• **Data records**:
-- Opening Marker --
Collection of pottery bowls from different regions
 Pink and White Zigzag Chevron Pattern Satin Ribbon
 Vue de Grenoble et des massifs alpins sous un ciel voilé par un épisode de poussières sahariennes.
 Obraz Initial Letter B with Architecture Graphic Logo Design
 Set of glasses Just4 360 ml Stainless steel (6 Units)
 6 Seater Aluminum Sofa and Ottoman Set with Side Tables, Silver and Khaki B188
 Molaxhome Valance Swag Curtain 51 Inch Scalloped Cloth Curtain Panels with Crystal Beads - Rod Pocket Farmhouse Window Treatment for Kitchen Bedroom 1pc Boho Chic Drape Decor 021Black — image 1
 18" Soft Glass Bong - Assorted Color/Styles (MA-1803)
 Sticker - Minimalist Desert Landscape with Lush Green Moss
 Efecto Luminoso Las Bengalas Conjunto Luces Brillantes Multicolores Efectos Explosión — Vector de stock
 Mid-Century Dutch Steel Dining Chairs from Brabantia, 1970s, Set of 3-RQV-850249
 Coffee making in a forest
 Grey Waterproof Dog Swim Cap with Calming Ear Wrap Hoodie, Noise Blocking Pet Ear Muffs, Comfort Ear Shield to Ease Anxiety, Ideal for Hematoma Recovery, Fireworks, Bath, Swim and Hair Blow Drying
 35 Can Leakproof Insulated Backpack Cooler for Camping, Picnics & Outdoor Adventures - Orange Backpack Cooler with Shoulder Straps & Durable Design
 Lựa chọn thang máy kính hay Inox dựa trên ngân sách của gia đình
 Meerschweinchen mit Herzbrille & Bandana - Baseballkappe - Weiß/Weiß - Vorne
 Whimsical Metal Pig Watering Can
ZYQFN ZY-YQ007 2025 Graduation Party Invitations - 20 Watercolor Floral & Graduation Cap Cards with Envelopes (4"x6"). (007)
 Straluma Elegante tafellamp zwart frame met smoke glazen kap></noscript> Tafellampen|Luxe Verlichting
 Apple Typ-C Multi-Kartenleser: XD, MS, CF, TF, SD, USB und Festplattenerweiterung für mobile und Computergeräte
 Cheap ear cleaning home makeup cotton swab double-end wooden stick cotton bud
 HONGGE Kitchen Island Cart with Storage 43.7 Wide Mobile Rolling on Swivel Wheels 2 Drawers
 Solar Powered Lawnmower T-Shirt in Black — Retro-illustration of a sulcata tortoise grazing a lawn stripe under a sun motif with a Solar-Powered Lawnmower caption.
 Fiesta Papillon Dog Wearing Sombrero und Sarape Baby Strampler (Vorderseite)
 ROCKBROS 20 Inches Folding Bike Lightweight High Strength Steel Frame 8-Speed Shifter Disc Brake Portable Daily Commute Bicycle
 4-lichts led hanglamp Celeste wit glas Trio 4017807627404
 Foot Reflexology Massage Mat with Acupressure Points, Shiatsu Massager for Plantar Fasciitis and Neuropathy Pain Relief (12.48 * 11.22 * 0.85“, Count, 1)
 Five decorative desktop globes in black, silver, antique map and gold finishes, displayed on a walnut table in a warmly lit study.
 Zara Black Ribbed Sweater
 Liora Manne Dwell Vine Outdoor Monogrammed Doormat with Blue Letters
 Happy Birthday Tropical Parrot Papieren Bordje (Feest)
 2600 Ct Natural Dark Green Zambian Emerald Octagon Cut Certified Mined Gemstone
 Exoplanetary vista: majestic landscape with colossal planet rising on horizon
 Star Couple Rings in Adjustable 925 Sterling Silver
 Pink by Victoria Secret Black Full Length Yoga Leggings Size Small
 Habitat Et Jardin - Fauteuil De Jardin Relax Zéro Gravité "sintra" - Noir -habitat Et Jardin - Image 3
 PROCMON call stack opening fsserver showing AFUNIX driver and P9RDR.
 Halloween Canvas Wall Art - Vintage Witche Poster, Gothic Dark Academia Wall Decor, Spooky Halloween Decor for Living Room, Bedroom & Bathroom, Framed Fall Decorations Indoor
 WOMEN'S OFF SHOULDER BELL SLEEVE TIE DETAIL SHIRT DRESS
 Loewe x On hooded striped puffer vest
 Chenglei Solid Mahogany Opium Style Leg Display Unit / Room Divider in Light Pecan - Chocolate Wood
-- Closing Marker --
• **The problem**: Copy out all lines above that include the string "Green".

• **Answer**:
 Sticker - Minimalist Desert Landscape with Lush Green Moss
 2600 Ct Natural Dark Green Zambian Emerald Octagon Cut Certified Mined Gemstone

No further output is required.